Tuesday, 2 December 2008

Who controls whether a company enters an insolvency procedure?

When we ask this question the immediate answer that springs to people's mind is the banks? Directors? Creditors? The tax man?

Well, you would be partly correct with that perm any one of 4 approach!

Of course directors have a legal obligation not to trade wrongfully or to trade when the company is insolvent and they know it has no reasonable prospect of paying its debts as and when they fall due. Witness the directors of Woolworths last week having to put the company into administration because cashflow was so bad that it could not see how to pay wages and creditors.

There are many stories of banks forcing companies into administration or receivership because the company was so distressed the banks stepped in try and control things. So yes bank's often do take part in the decision to enter insolvency (and not just their own)!

With HMRC responsible for some 60% of all winding up petitions (obviously before being told to become the next national bank for SME's) one could argue that aggressive creditors control whether a company goes into an insolvency procedure.

But there is another force at work here. Many companies use factoring, invoice discounting and trade insurance to assist with working capital in their business. In the last 2 weeks I have been planning to write this piece because it is the TRADE INSURERS that are now controlling the future of thousands of UK companies SME or large companies.

If the trade insurer removes cover on a debtor company, your company could suffer rapidly. Last week I met with a company that had suffered a £300,000 hit to cashflow because the factoring company it used had clawed back advances against General Motors invoices.

This week I am reliably informed that suppliers to Ford have had a similar unilateral decision forced upon them. Indeed this was from an ex client who had successfully exited their CVA. Perhaps this could be rectified by Ford Motors paying in say 30 days or less, if not this could undo 3 years of hard turnaround work.

Rover was brought down by trade insurers refusing to cover their risk, Woolworths faced the same ignominy last week, others will see the same thing happen to them and usually to one of their larger customers.

Cascade this down through the supply chain and big problems lie ahead even for profitable companies.

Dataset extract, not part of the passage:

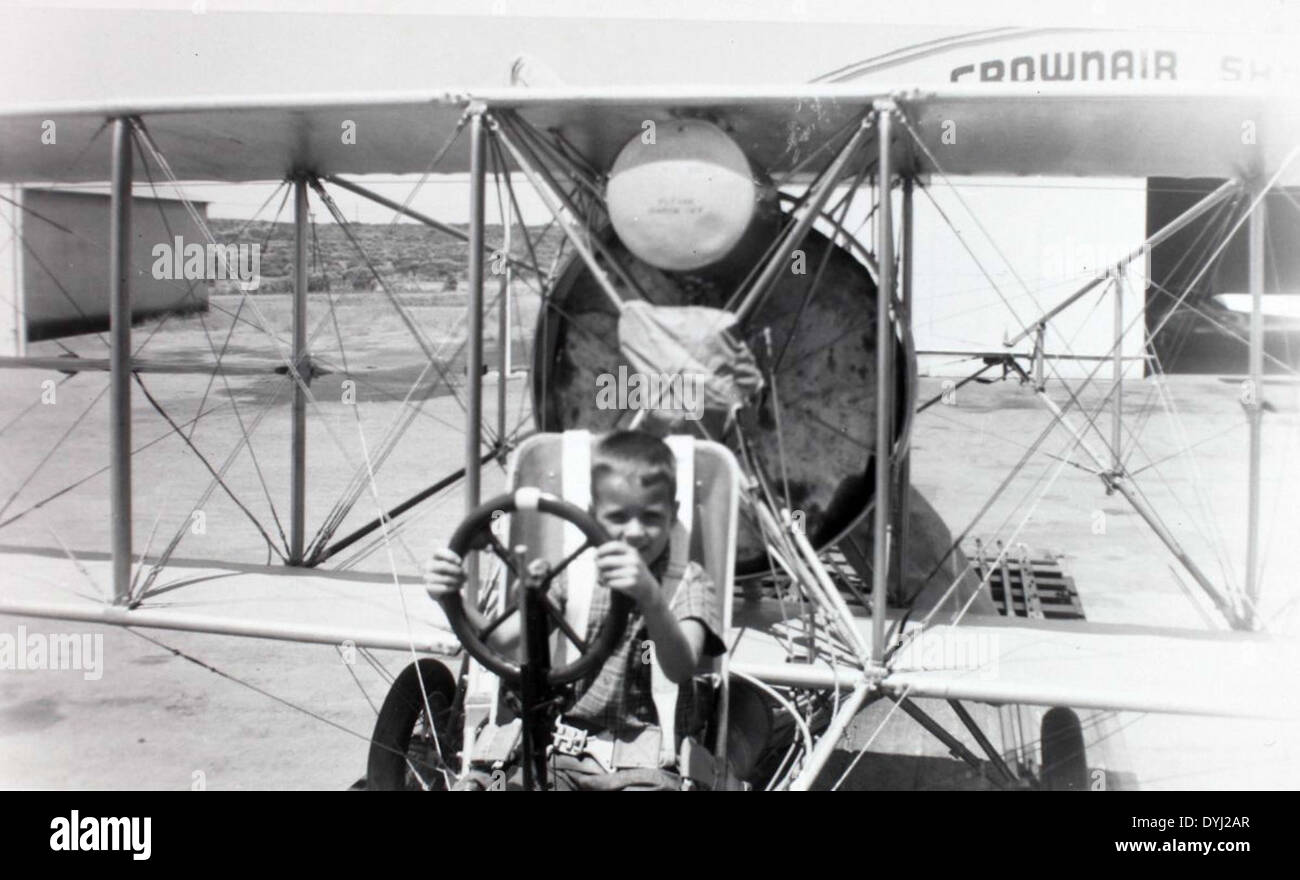 L'image du Fife 000078 montre un avion Curtiss piloté par Ray Fife, soulignant son implication dans les débuts de l'aviation. Cet avion faisait partie d'une importante collection d'avions américains classiques, mettant l'accent sur les contributions de Ray Fife à l'aviation. Banque D'Images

So the answer to my question - Atradius, Euler Hermes and Coface? If you don't know these names you soon will.

Monday, 1 December 2008

Falling off a cliff...the worry that REALLY troubles SME directors

With Government fiddling whilst UK business burns, its distressing to hear story after story of doom and gloom. Good job I am a relentlessly optimistic person, you have to be to do rescue and recovery work!

People are asking me the same questions every day now, "what are sales like for other people? "have they fallen off a cliff"? "I am desperate for cash, my customers are slowing down payment, what can I do"?

These are of course anecdotal and based upon the micro business issues they face, but today the bigger picture started to emerge. Sales HAVE fallen off a cliff, read the excerpt from the BBC news site today below

Record decline in manufacturing

Collapsing new orders have been blamed for the weak figures. British manufacturing shrank in November at the fastest rate since the figures began being collected in 1992. The Purchasing Managers' Index fell to 34.4 from October's figure of 40.7, which was both the lowest level and biggest fall seen on the index. The fall in the figures was based on a collapse in new orders.

Alan Clarke at BNP Paribas described the index as being at "absolutely horrific levels".
"We are already seeing a pretty rapid pace of contraction in hard manufacturing activity in the UK and it is going to get even worse.

Worrying times indeed, I now forecast that cashflow will reach critical levels in the weeks after Christmas, with factory and business shutdowns its easy not to pay your creditors, trouble is your customers won't be paying YOU either.

So manage cash, costs and spending NOW.